Arthur lelaki itu tersenyum namun sebagai orang yang pernah bersama Arthur. Inka tahu bahwa senyum lelaki itu tak tulus, Arthur memang sedang memainkan peran bahwa lelaki itu tak mengenalnya.

Arthur dan Isabel turun dari panggung sedangkan Sonya ibu Arthur menatap Inka terkejut. Ia tak menyangka bahwa mantan pacar Arthur menikahi Sadam.

"Tangkapan bagus," bisik Sonya membuat senyum Inka terhenti.

"Saya pikir kamu bisa dapat wanita lebih dari pada dia," ujar Sonya pada Sadam.

Sadam malah tersenyum miring, "Saya rasa juga begitu," ujar Sadam membuat Sonya tersenyum pongah pada Inka sedangkan wanita itu tertunduk.

"Saya rasa Isabel bisa dapat yang lebih baik dari Arthur," lanjut Sadam.

"Maksud kamu apa?" tanya Sonya jengkel pada Sadam.

"Lalu maksud tante apa?" Bukan menjawab Sadam malah balik bertanya.

Sonya geram denga sikap menyebalkan Sadam langsung berbalik. Wanita patuh baya itu langsung bergabung dengan besannya.

Sadam menggeleng dengan tingkah mertua Isabel. "Memilih kamu adalah pilihanku, kelebihan dan kekuranganmu juga pilihanku," bisik Sadam menggengam tangan Inka erat.

"Terimakasih,"cicit Inka.

Ia benar-benar sesak sejak tadi, pasalnya tatapan orang-orang kepadanya. Ia tak pernah berhadapan dengan orang sebanyak ini. Ia selalu berfikir bahwa tak ada diruangan ini yang menyukai keberadaannya.

Pernikahan Sadam dan Inka dilaksanakan sederhana, dikediaman Nenek Weni karena permintaan wanita tua itu.

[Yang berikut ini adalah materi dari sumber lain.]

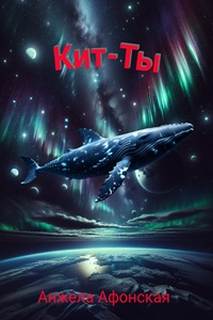 Би-Гинер Кит-Ты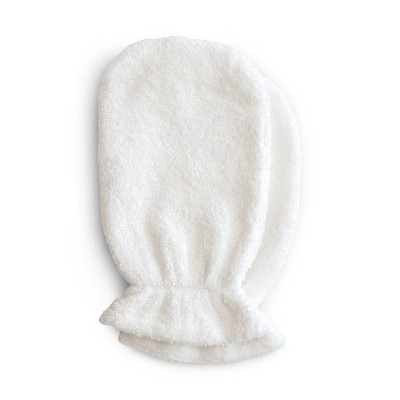 CityFurn Organic Cotton Bath Mitt 2-Pack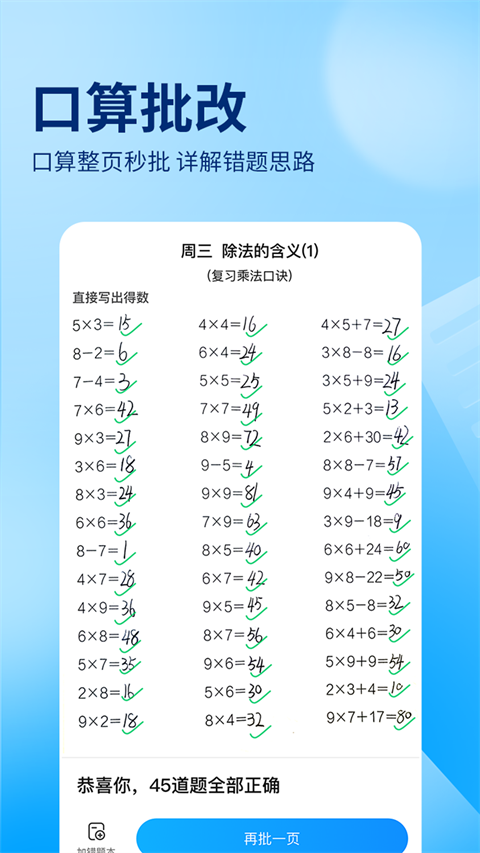 作业帮大学版app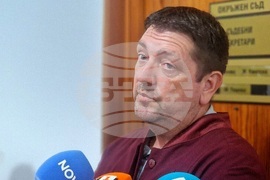 Бургас - Окръжен съд - мярка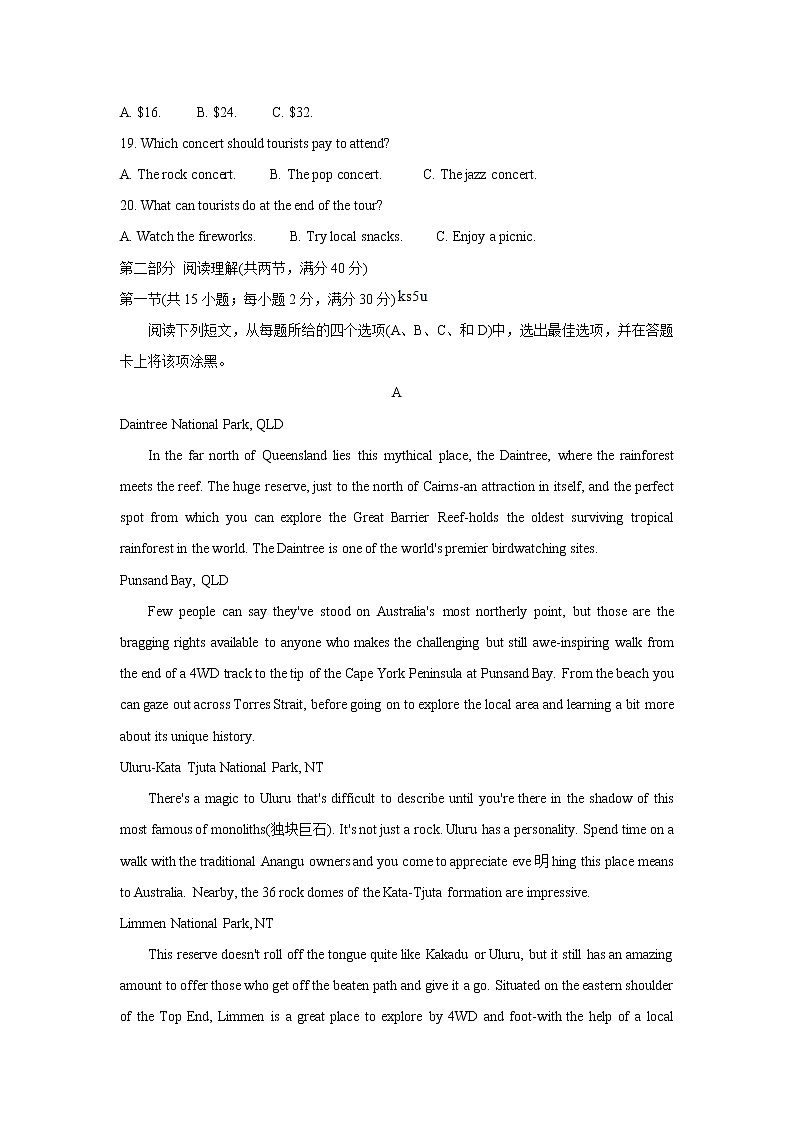 2022四省八校高三下学期开学考试英语含答案第3页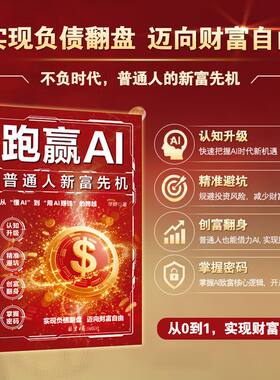 跑赢AI普通人的新富先机赋能赚钱豆包人工智能轻松变现创富指南c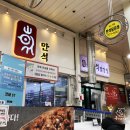 만석닭강정 시장점 이미지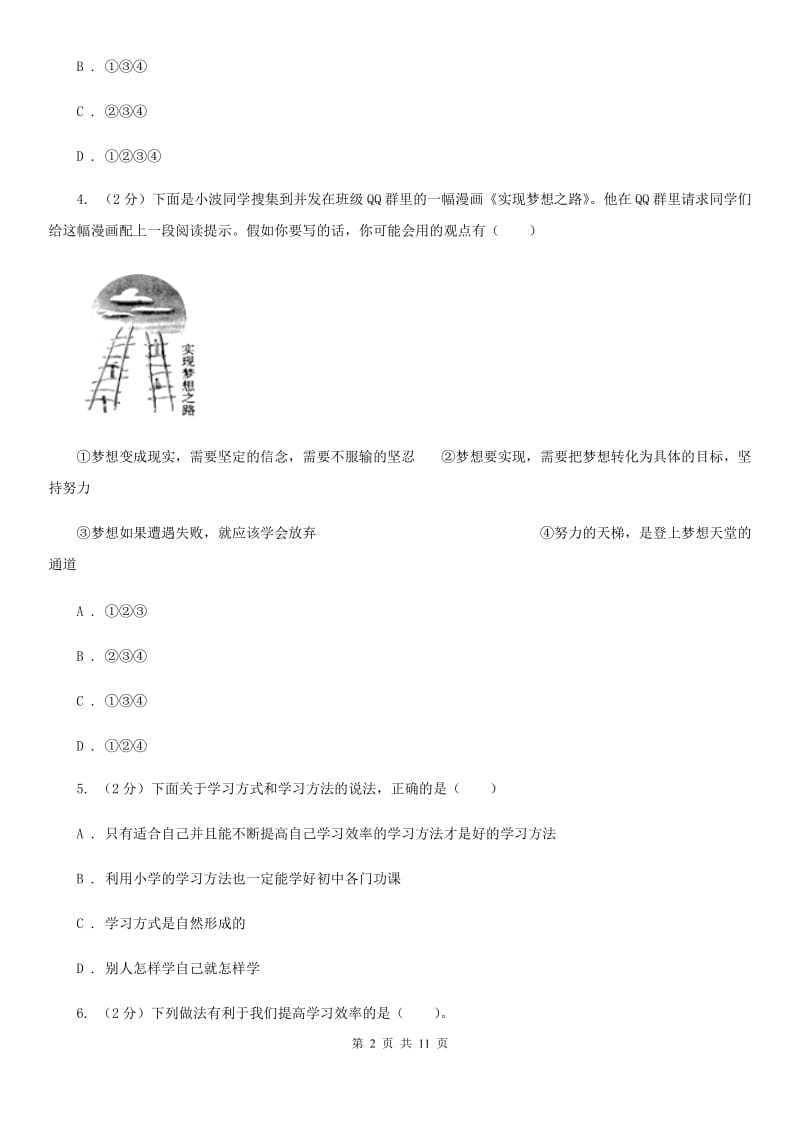上海市七年级上学期道德与法治期中检测试卷B卷_第2页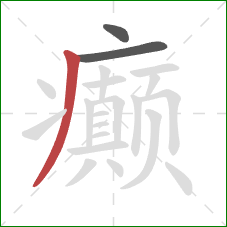 癫的笔顺第3画:撇 癫的笔顺第3画:撇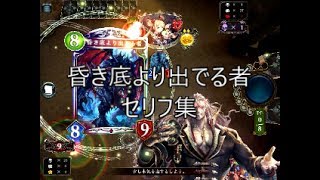 シャドウバース攻略】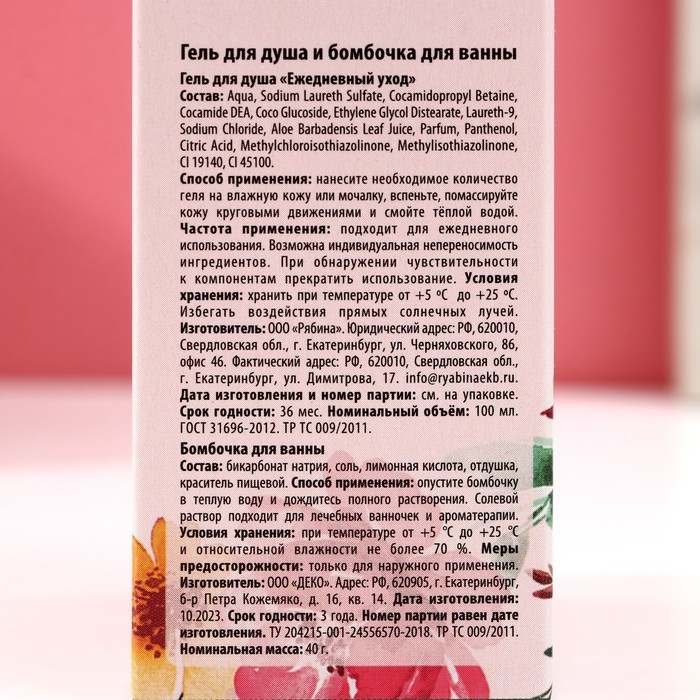 Подарочный набор косметики &laquo;Самой красивой&raquo;, гель для душа 100 мл и бомбочка для ванны 40 г, ЧИСТОЕ СЧАСТЬЕ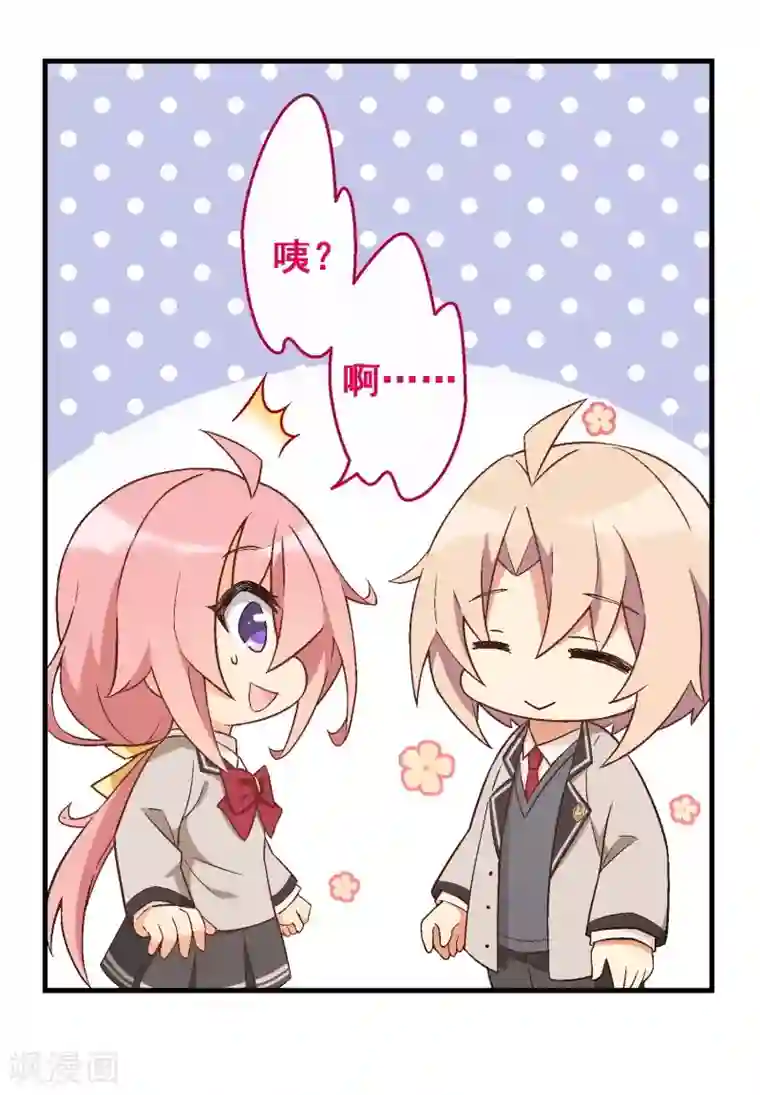 富女仆与穷少爷第46话 第三十一课：常规笔试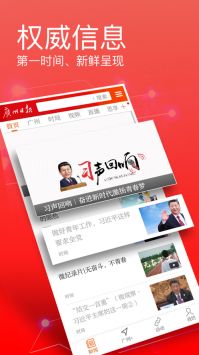 广州日报官方版图2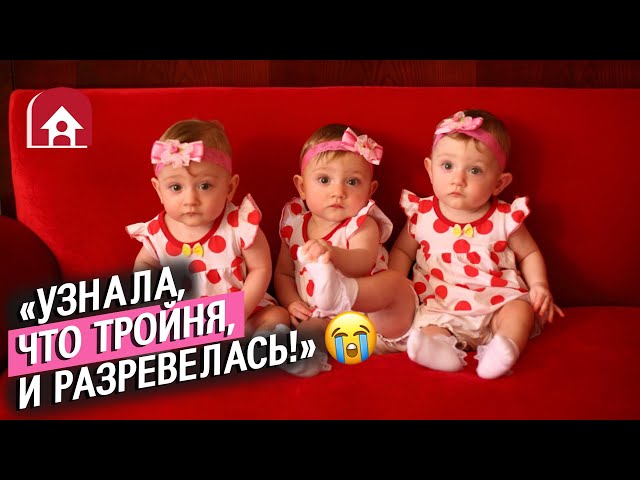 Родители тройняшек | Неудобные вопросы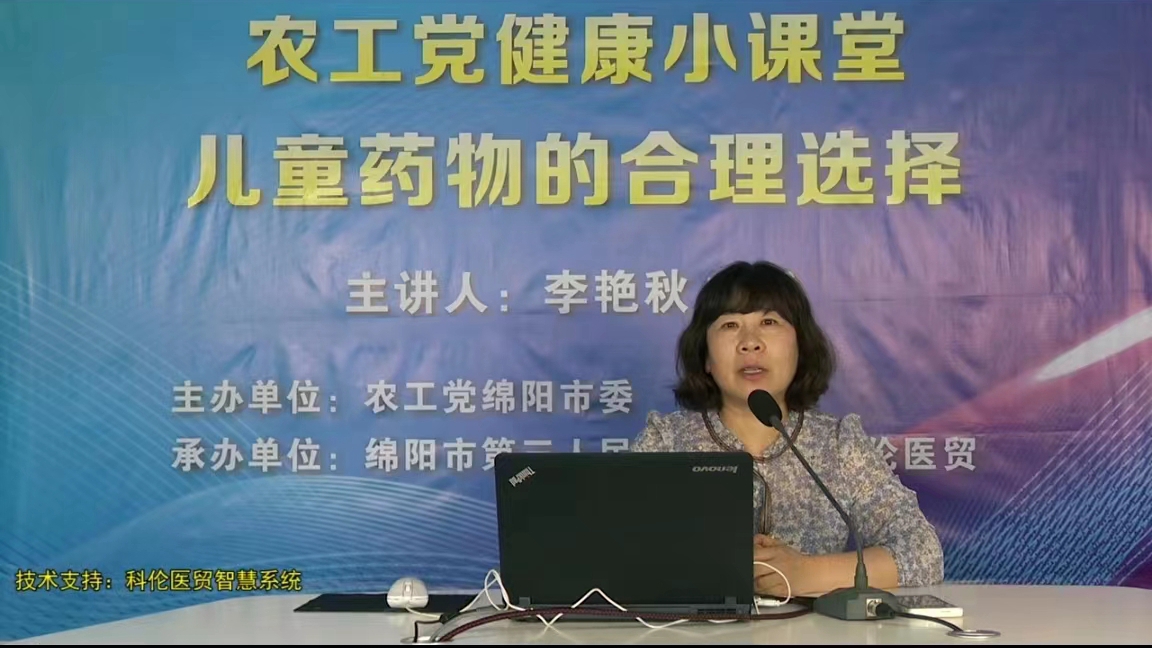 微信图片_20220606113142.jpg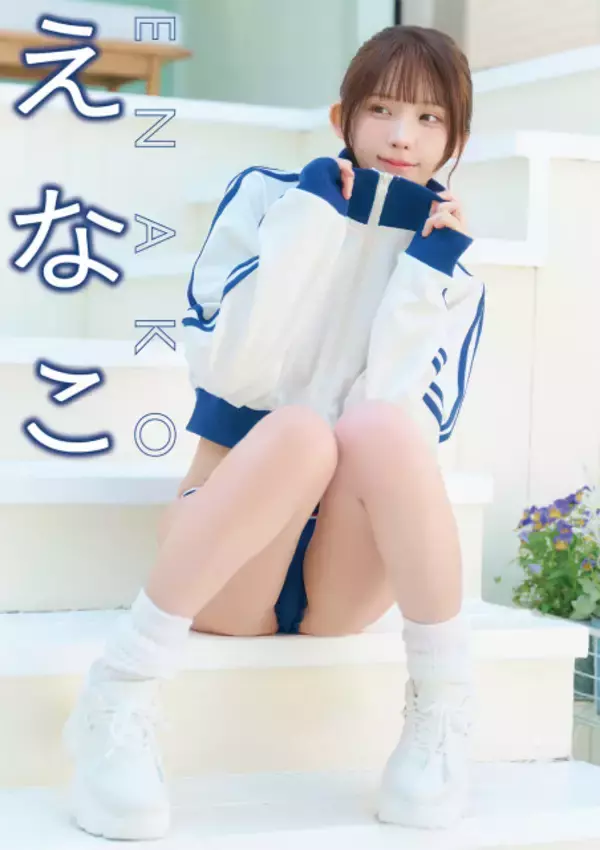 えなこ、キュートなジャージ姿からのぞく美脚にドキッ　『近代麻雀』表紙・巻頭グラビア飾る
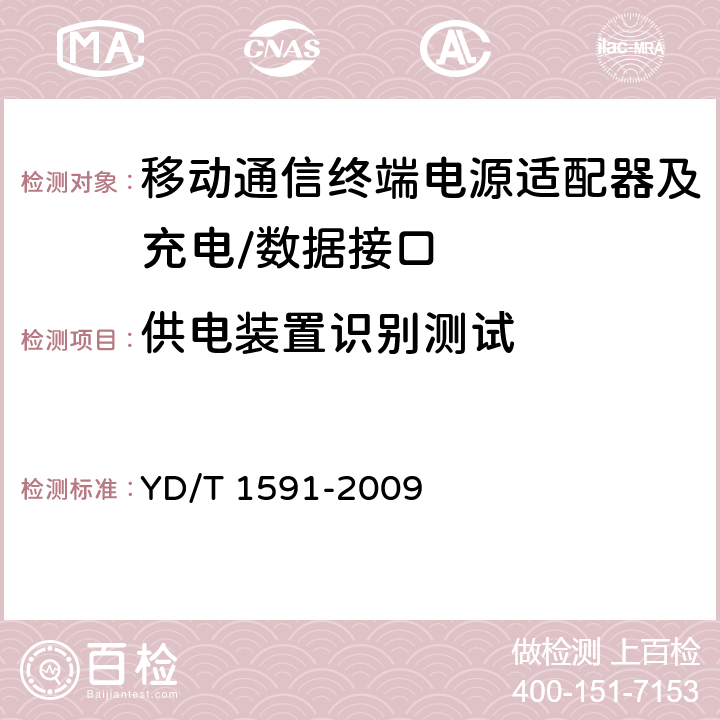 供电装置识别测试 移动通信终端电源适配器及充电/数据接口技术要求和测试方法 YD/T 1591-2009 5.4.2.2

Yang hadirpun hanya keluarga dekat mereka.

Inka menyukai ide nenek Weni namun tidak dengan Sadam. Lelaki itu banyak berdebat saat persiapan pernikahan, mengingat itu membuat Inka tersenyum.

"Ngapain senyum senyum hmm?" tanya Sadam dudum disebelah Inka.

Acara sudah selesai, Inka dan Sadam baru saja selesai membersihkan diri. "Ingat wajah bete kamu waktu konsep pernikahan dirubah semua sama nenek," jelas Inka tertawa hingga matanya menyipit satu.

Inka sudah mulai rileks dan banyak tersenyum di depan Sadam. Sifat aslinya yang jahil sudah kelihatan membuat Sadam senang bahwa Inka merasa nyaman dengan keberadaannya.

"Jahil banget," Sadam memencet hidung Inka hingga merah.

Bukannya marah, Inka malah makin tertawa membuat Sadam gemas melayangkan kecupan kecupan di wajah Inka.

Satu hal yang Sadam ketahui, meski jutek dan kadang cuek. Inka sangat tidak mudah marah.

"Sayang kamu," gumam Sadam

Tawa Inka terhenti, Ia menatap dalam Sadam yang juga menatapnya. Sadam mendekat mengecup bibir Inka dalam.